**INSTRUCTIONS TO FOLLOW**
Please output every entry below exactly as written, leaving out any pictures.

**LISTED RECORDS**
::::::::::

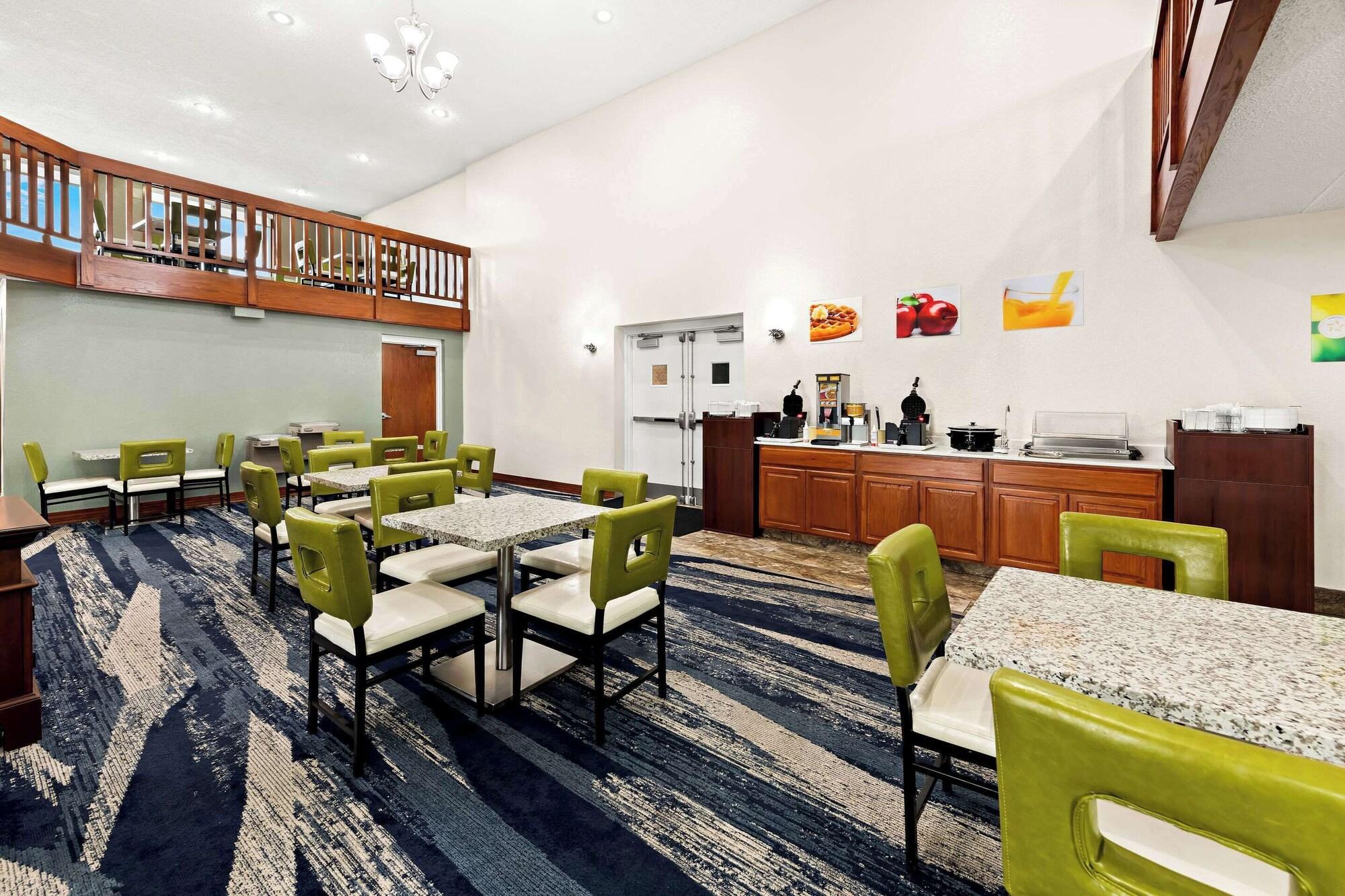 Restaurant Quality Inn Mason Near Kings Island
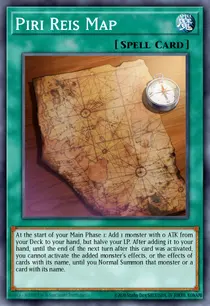 Piri Reis Map (JUSH-EN030)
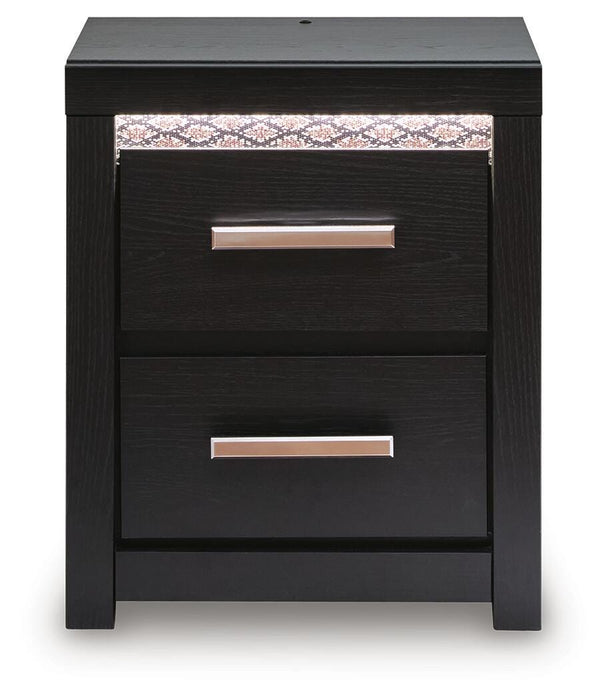 Ashley Express - Shoralli Two Drawer Night Stand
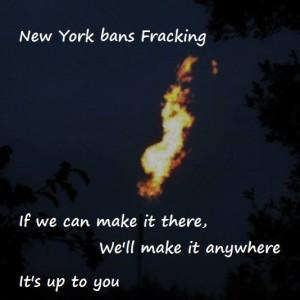 fracking verbot in new york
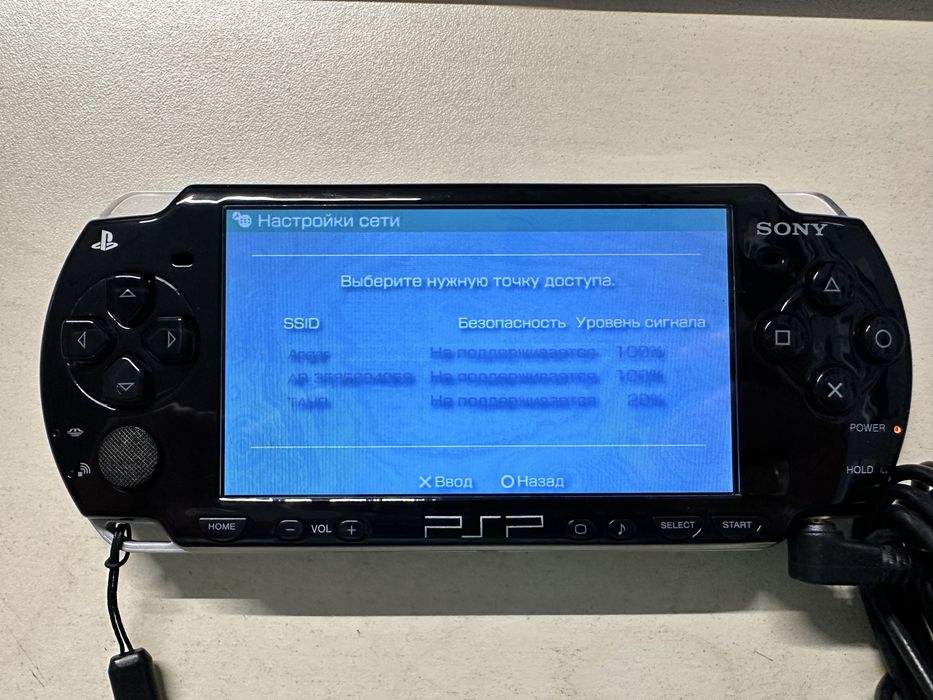Консоль Sony Psp 2004 + гра GTA
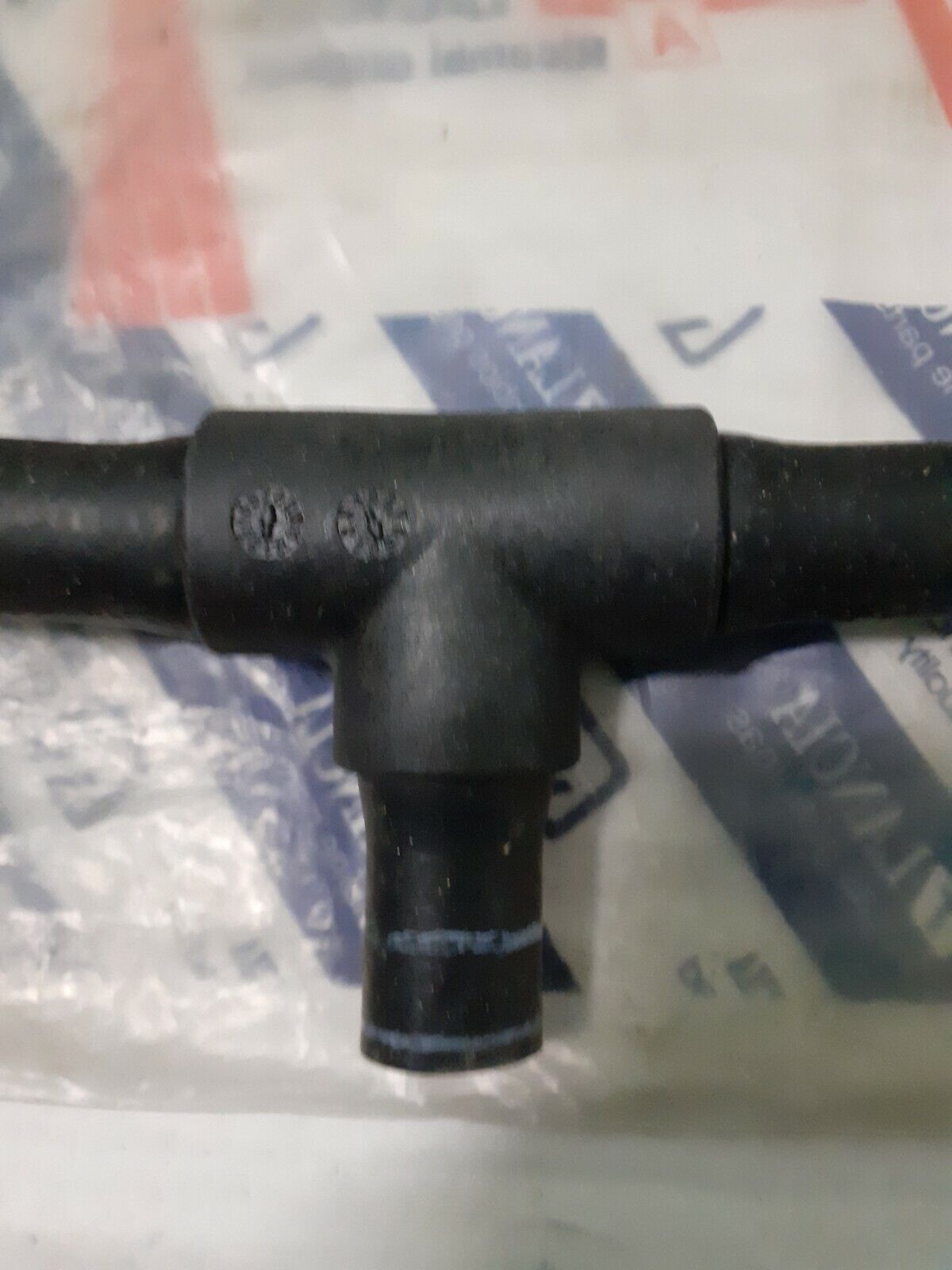 MANICOTTO COLLEGAMENTO ORIGINALE FIAT 500 CINQUECENTO CODICE 7722874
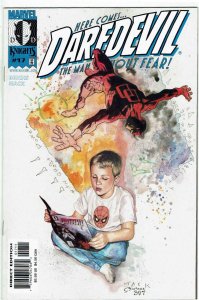 Daredevil #17 (1998 v2) Brian Bendis David Mack  NM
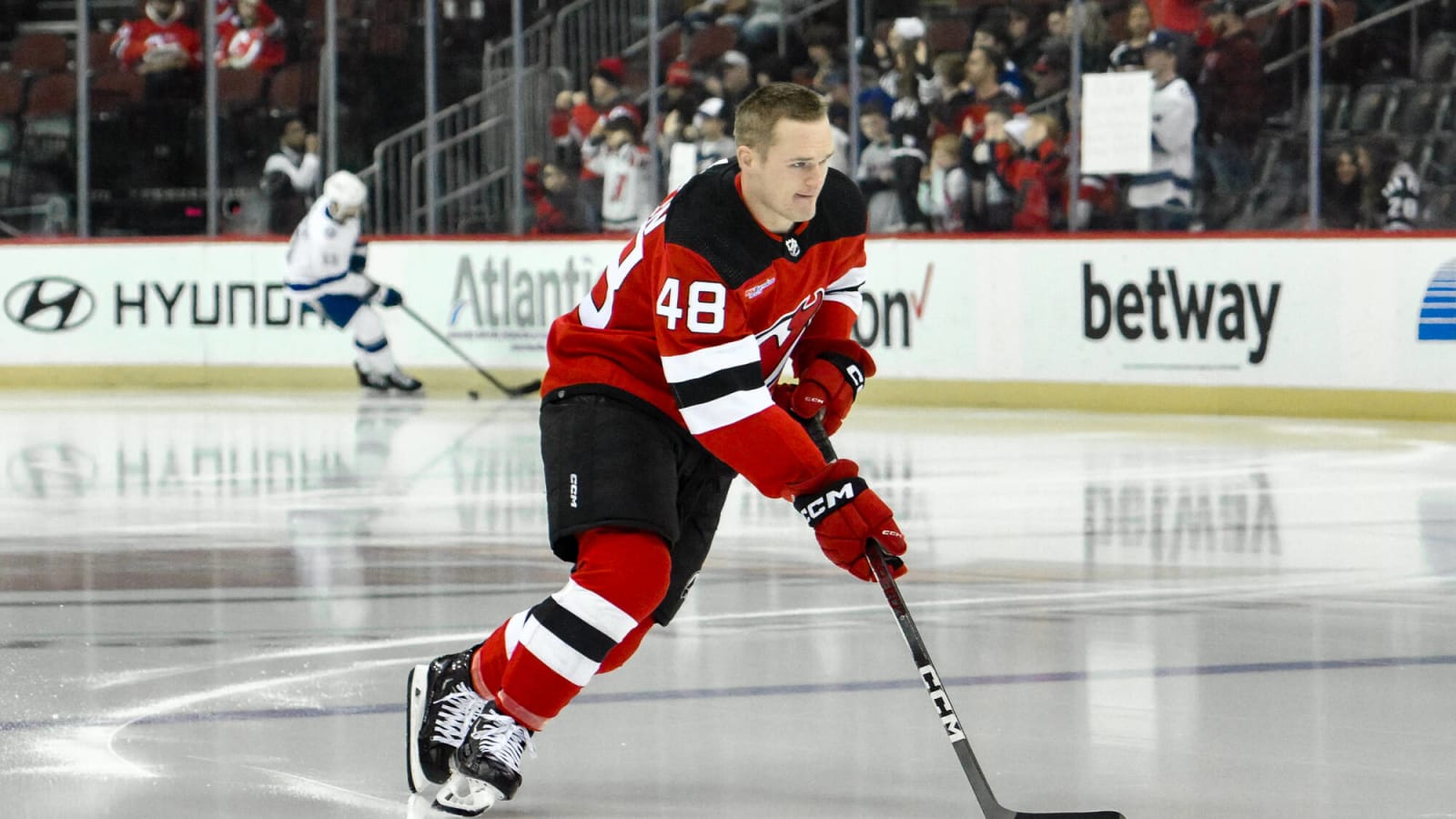 Devils Should Give Brian Halonen an Extended Look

::::::::::

**RESPONSE FOR THIS EXERCISE**
 Restaurant Quality Inn Mason Near Kings Island
 Piri Reis Map (JUSH-EN030)
 Ashley Express - Shoralli Two Drawer Night Stand
 fracking verbot in new york
Консоль Sony Psp 2004 + гра GTA
 MANICOTTO COLLEGAMENTO ORIGINALE FIAT 500 CINQUECENTO CODICE 7722874
 Daredevil #17 (1998 v2) Brian Bendis David Mack  NM
 Devils Should Give Brian Halonen an Extended Look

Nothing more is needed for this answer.